Мы погрузились в лодку и двинулись в сторону берега; пароход немедленно зашумел якорной цепью, взревел машиной и, выпустив клубы дыма, двинулся дальше по реке. Из-за этого шума начало разговора с доктором вышло скомканным, но я зато смогла без помех рассмотреть его вблизи. Из широких рукавов его кафтана виднелись крепкие, мускулистые, странно безволосые руки с коротко обрезанными чистыми ногтями, как будто он не вел жизнь отшельника в лесной заимке, а только что окончил тщательный туалет в своем особняке где-нибудь на бульваре Осман. Запах, впрочем, шел от него вполне лесной, но не неприятный – вроде как от свежеразрытой земли, но еще и с легкими тонами дыма. Шленский, кстати, так и не выпустивший из рук своего ружья, порывался было помочь грести, но Веласкес успокоил его одним жестом, да и лодка между тем уже приближалась к берегу. Проворный доктор, опершись на секунду на плечо сидевшего на носу священника, перемахнул через борт и, подхватив лодку за привязанную к кольцу веревку, без видимого напряжения протащил через полосу распластавшихся в воде темно-зеленых водорослей. Помог сойти отцу Максиму, который, подобрав по-бабьи полы своей рясы, долго примеривался, куда бы ступить, потом подал руку мне, колюче взглянув при этом прямо мне в глаза, затем попытался было помочь Шленскому, но тот, проигнорировав протянутую руку, спрыгнул на берег сам – и тут же, нагнувшись к воде, вытащил что-то, блеснувшее изумрудным блеском.

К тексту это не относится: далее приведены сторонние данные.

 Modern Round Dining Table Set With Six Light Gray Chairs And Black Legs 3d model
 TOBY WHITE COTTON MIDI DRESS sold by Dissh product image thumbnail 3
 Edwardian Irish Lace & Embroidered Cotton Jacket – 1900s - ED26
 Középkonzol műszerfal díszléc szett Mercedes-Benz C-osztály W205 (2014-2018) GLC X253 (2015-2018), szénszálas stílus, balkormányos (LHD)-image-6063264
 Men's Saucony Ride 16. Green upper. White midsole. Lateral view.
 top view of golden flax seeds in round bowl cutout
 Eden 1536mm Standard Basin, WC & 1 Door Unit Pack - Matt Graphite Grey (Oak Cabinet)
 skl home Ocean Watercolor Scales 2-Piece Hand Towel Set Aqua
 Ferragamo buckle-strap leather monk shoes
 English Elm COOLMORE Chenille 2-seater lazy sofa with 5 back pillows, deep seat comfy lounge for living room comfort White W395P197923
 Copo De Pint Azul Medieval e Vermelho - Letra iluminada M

– Изволите здесь шампанское охлаждать к ужину? – произнес он ерническим тоном, протягивая доктору запечатанную бутылку изумрудного стекла.
– Первый раз вижу, – отвечал было доктор, но любопытный отец Максим, протиснувшись к ним, перебил:
– А гляньте, голубчик, она не красным сургучом запечатана?
– Точно так.
– А на печати грифон?
– Кто-то крылатый.
– Тогда это батюшки моего произведение. Вот привел Господь встретиться! Пускает он их, как хлеб свой на лице воды, но ни разу не было, чтобы опять обрел его.
– А внутри что?
– Обычно карта с обозначением сокровищ, но это не обязательно, может быть и записка протопопа Аввакума или что-нибудь в этом роде.
Шленский перехватил бутылку за горлышко, чтобы разбить о тут же лежащий камень, но доктор перехватил его руку.